Considerando, que de acuerdo con la legislación citadas anteriormente “El régimen laboral de la Policía Nacional se adecuará a lo previsto en esta ley y a las diversas disposiciones generales vigentes, propias de los servidores públicos”, (art. 35 Ley núm. 96-04);

Considerando, que el Código de Trabajo de acuerdo con el principio III, establece que la legislación laboral “no se aplica a los funcionarios y empleados públicos salvo disposición contraria de la ley o de los estatutos especiales aplicables a ellos”, y hace constar que tampoco se aplica a los miembros de las Fuerzas Armadas y la Policía Nacional;

Considerando, que la sentencia no violenta las disposiciones relativas al derecho al trabajo establecido en el artículo 62 de la Constitución, ni las disposiciones del numeral 15, del artículo 40 de la misma relativa a que “nadie se le puede obligar a hacer lo que la ley no manda, ni impedírsele lo que la ley no prohíbe. La ley es igual para todos; solo puede ordenar lo que es justo y útil para la comunidad y no puede prohibir más de lo que le perjudica”, en la especie la sentencia impugnada aplicó correctamente el principio de legalidad, las disposiciones y los principios fundamentales del Código de Trabajo, que le niegan la aplicación de la legislación laboral a los miembros de la Policía Nacional, que de acuerdo con la legislación aplicable al momento del conflicto tenían la categoría de “Servidores Públicos”; Considerando, que tampoco se observa violación al debido proceso y a las garantías constitucionales y a la tutela judicial efectiva establecida en los artículos 68 y 69 de la Constitución Dominicana;

Considerando, que de lo anterior y examen de la sentencia se advierte que la misma contiene motivos razonables, adecuados y pertinentes y una relación de los hechos, sin que se advierta desnaturalización, ni inobservancia de la legislación laboral vigente, no a la legislación aplicable, así como a las garantías constitucionales, en consecuencia, los medios planteados carecen de fundamento y deben ser desestimados y rechazado el presente recurso; Por tales motivos; Primero: Rechaza el recurso de casación interpuesto por la señora P.T.T., contra la sentencia dictada por la Corte de Trabajo del Departamento Judicial de Santiago, el 28 de enero de 2016, cuyo dispositivo ha sido copiado en parte anterior del presente fallo; Segundo: Compensa las costas del procedimiento.

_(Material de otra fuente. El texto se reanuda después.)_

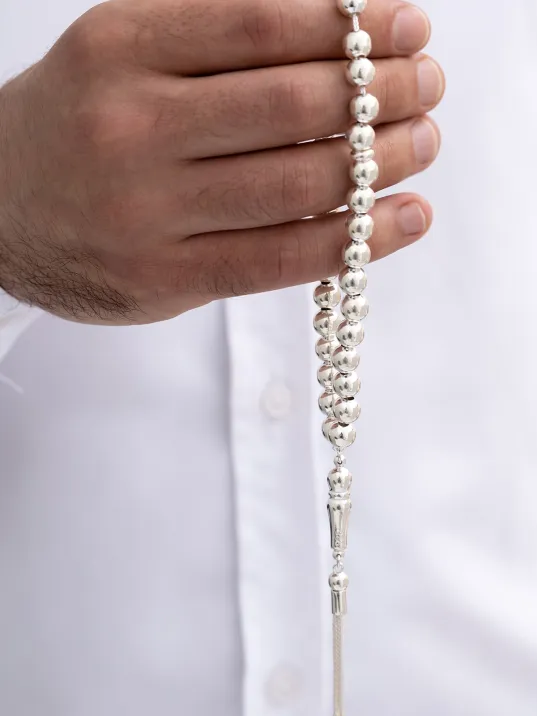 Gümüş Tespih Düz Küre Orta Boy 21gr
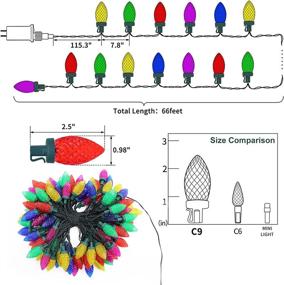 img 1 attached to 🎄 DreiWasser C9 Christmas String Lights - 65.6ft 100 LED, 8 Modes, Waterproof Outdoor/Indoor Lights for Roofline, Holiday, Garden, Patio (Multi-Colored)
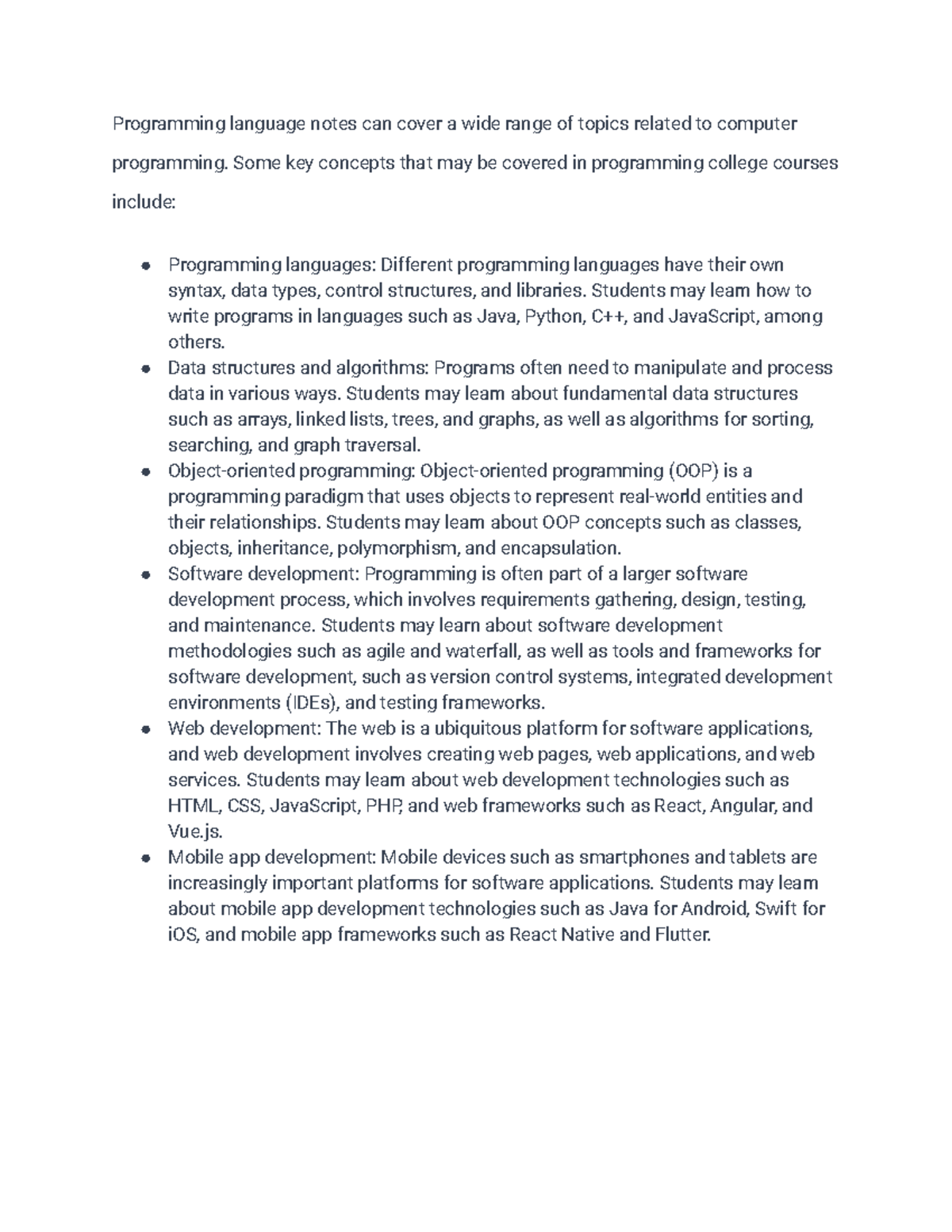 Programming languages - Some key concepts that may be covered in ...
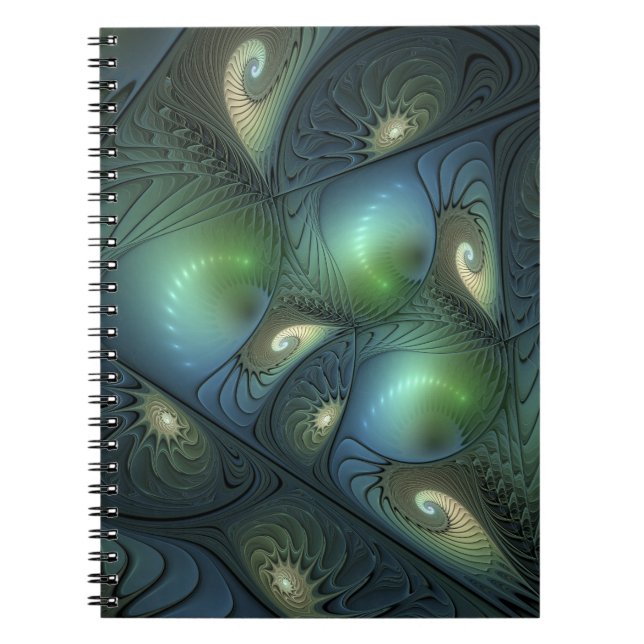 Caderno Espiral Espirais Teal Beige Verde Abstrato Fractal (Frente)
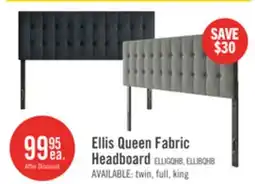 The Brick Ellis Upholstered Headboard in Grey Fabric, Button Tufted - Queen Size offer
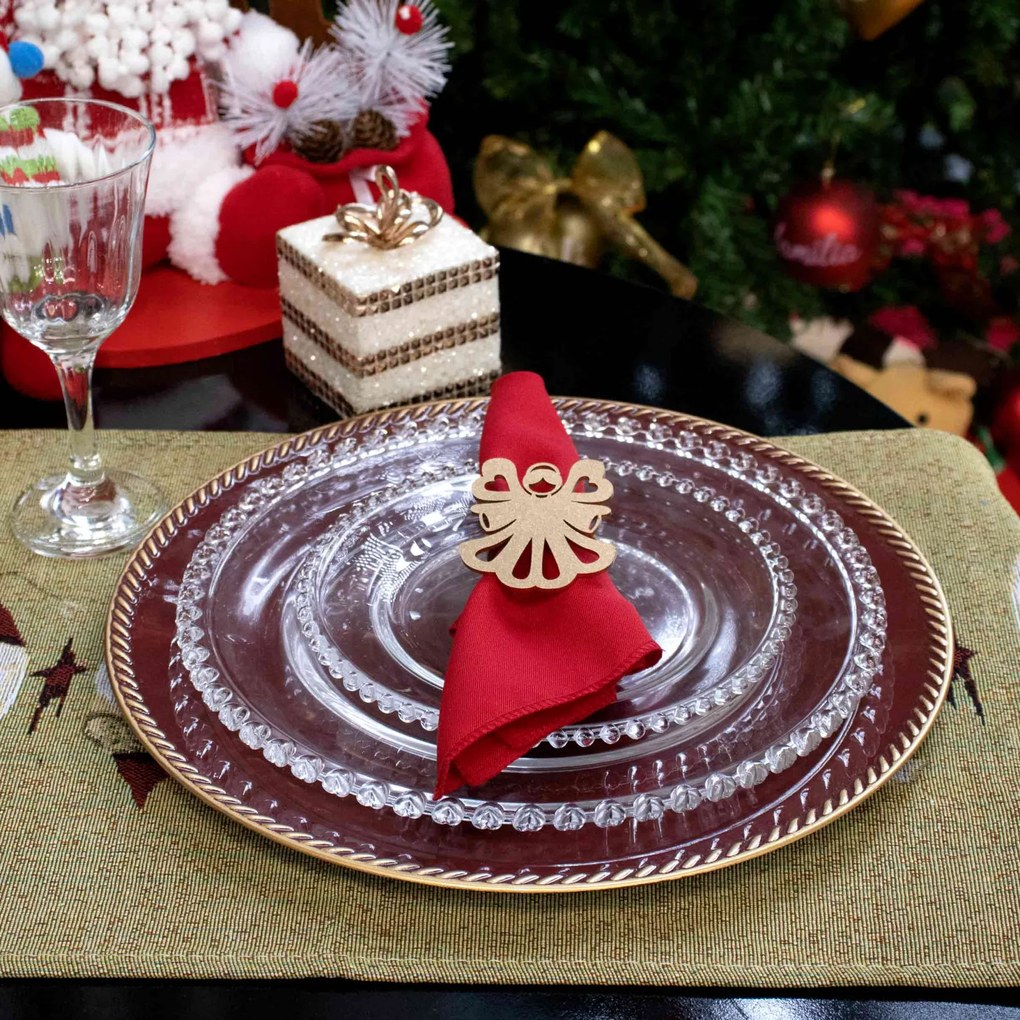 Sousplat de Plástico Vermelho Com Detalhe Em Dourado 33 Cm - D'Rossi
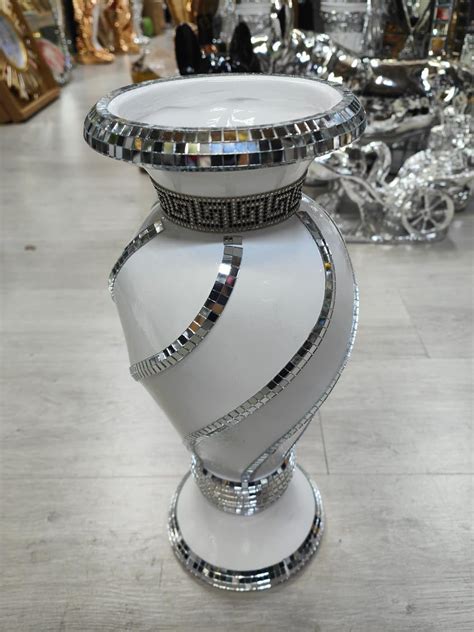 Biznest White & Silver Floor Vase Large 40Cm Sparkly Silver Mirrored ...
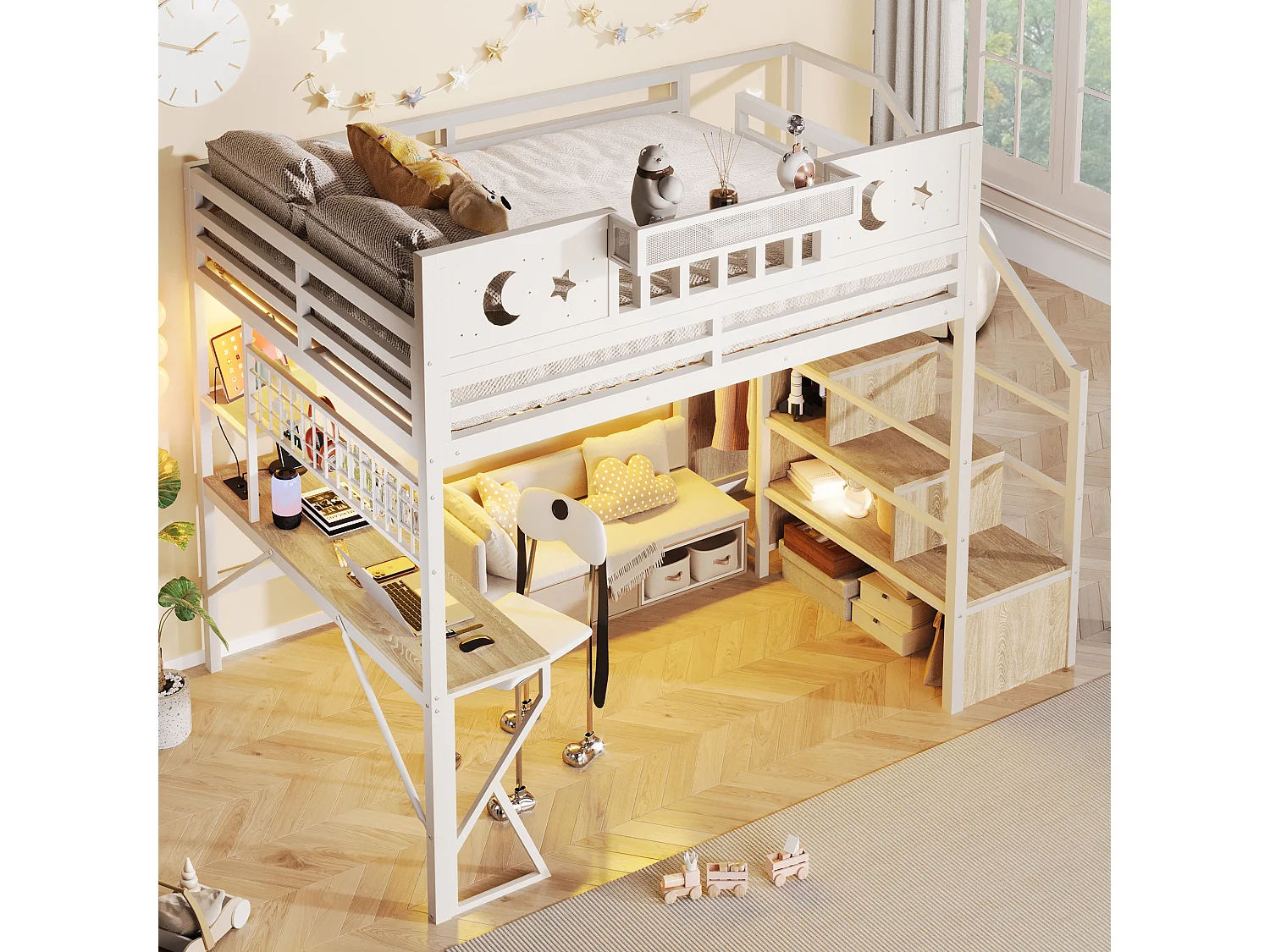 Lit mezzanine 140 x 200 cm avec bureau, panneau perforé, étagères – Métal et MDF – LED + USB –  Blanc (Sans matelas)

Así ha sido hecho y juzgado por la Tercera Sala de lo Laboral, Tierras, Contencioso - Administrativo y Contencioso - Tributario de la Suprema Corte de Justicia, y la sentencia pronunciada por la misma, en la ciudad de Santo Domingo de G., Distrito Nacional, capital de la República, en su audiencia pública del 11 de octubre de 2017, años 174° de la Independencia y 155° de la Restauración.

(Firmados).- M.R.H.C..- R.P.A..- M.
A.F.L..-

La presente sentencia ha sido dada y firmada por los señores Jueces que figuran al pie, en la audiencia pública del día, mes y año en ella expresados, y fue firmada, leída y publicada por mí, Secretaria General, que certifico.